You've taken quite a few blows to your head in your Test career. If you get another serious one would you consider retiring?
Hopefully not. I don't like to think about it. I've taken some precautions, I don't field at bat-pad any more for that reason. But I don't think so. Luckily these days you're well protected with the helmets, if nothing else it gives me an incentive to use my bat rather than my head!
There's the accusation Australia suffer a bit from "dead-rubber syndrome". Australia tend to win series very quickly but lose the last Test when it doesn't matter. Is that annoying or is it just great you won the series?
It's great to win Test series. I think we've done it three times in the last few series, against South Africa then against England and now West Indies. I think you have to put it in perspective and understand that those are three dead rubbers. The one against England, we made them follow-on and we'd fielded in the Test before for an extremely long time and bowled a lot of overs.

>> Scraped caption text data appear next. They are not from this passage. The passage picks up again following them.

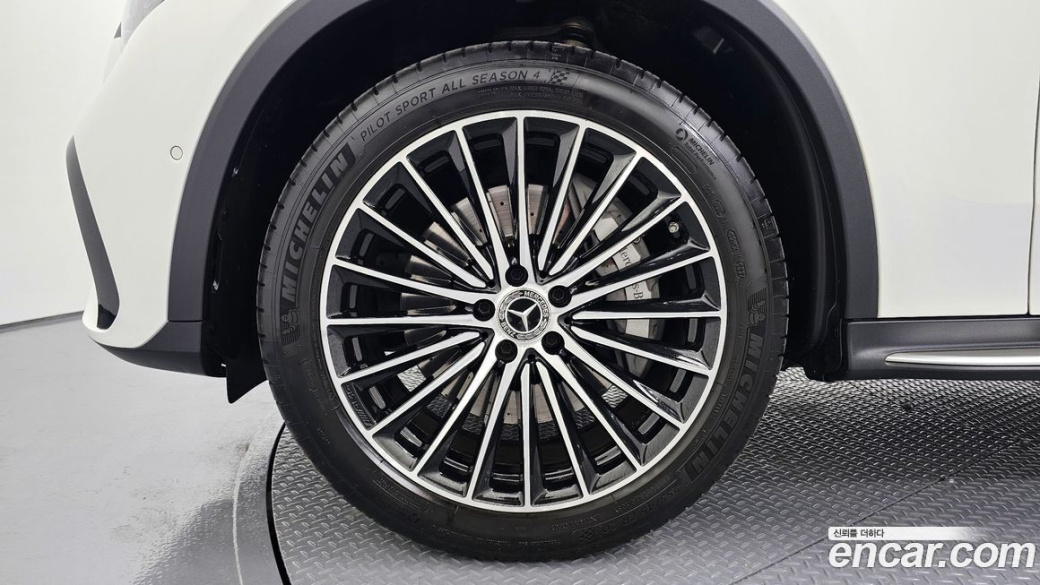 Mercedes-Benz GLC-Class GLC300 4MATIC AMG Line, 2023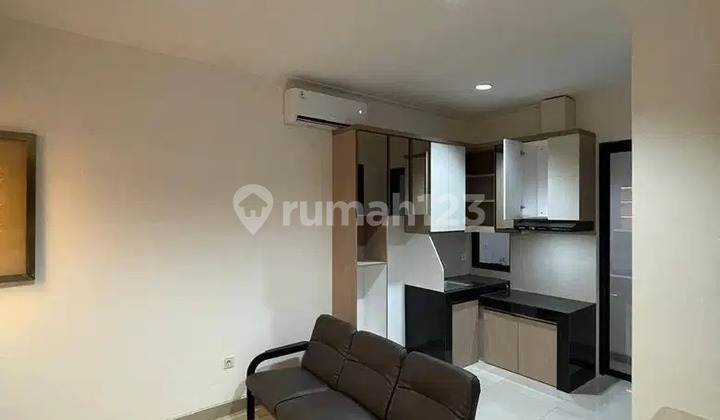 For Rent: Green Royal 2 BR Furnished Condo in Semanan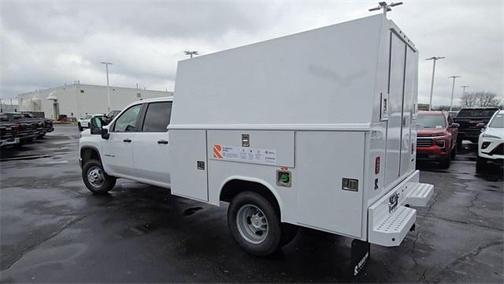 2025 Chevrolet Silverado 3500 WT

So when it came to the crunch and we needed that little bit extra in the last Test, with only two days in between, our bowlers were very fatigued. It was the same in the West Indies. In the third Test we bowled for 17 hours and 48 minutes and then two and a half days later we were playing a Test match again. We've got to keep it in perspective.
Obviously the West Indies had to create history to win in that last Test match, they scored 417 runs which is an awesome achievement for them. Keeping it in perspective, if we're winning every series three or four nil and then lose one dead rubber, obviously it's not ideal but if you look at the bigger picture it means we've played pretty good cricket for the other part of the series.
Steve Chalk, Nottingham
Would you like to become captain of Australia one day?
Obviously it'd be an awesome ambition and achievement and privilege and everything to captain Australia. It would be the ultimate ambition for any cricketer I think. You never know what could happen. I've had quite a bit of captaincy experience now, who knows what could happen? In a simple answer, yes, it would be a great honour.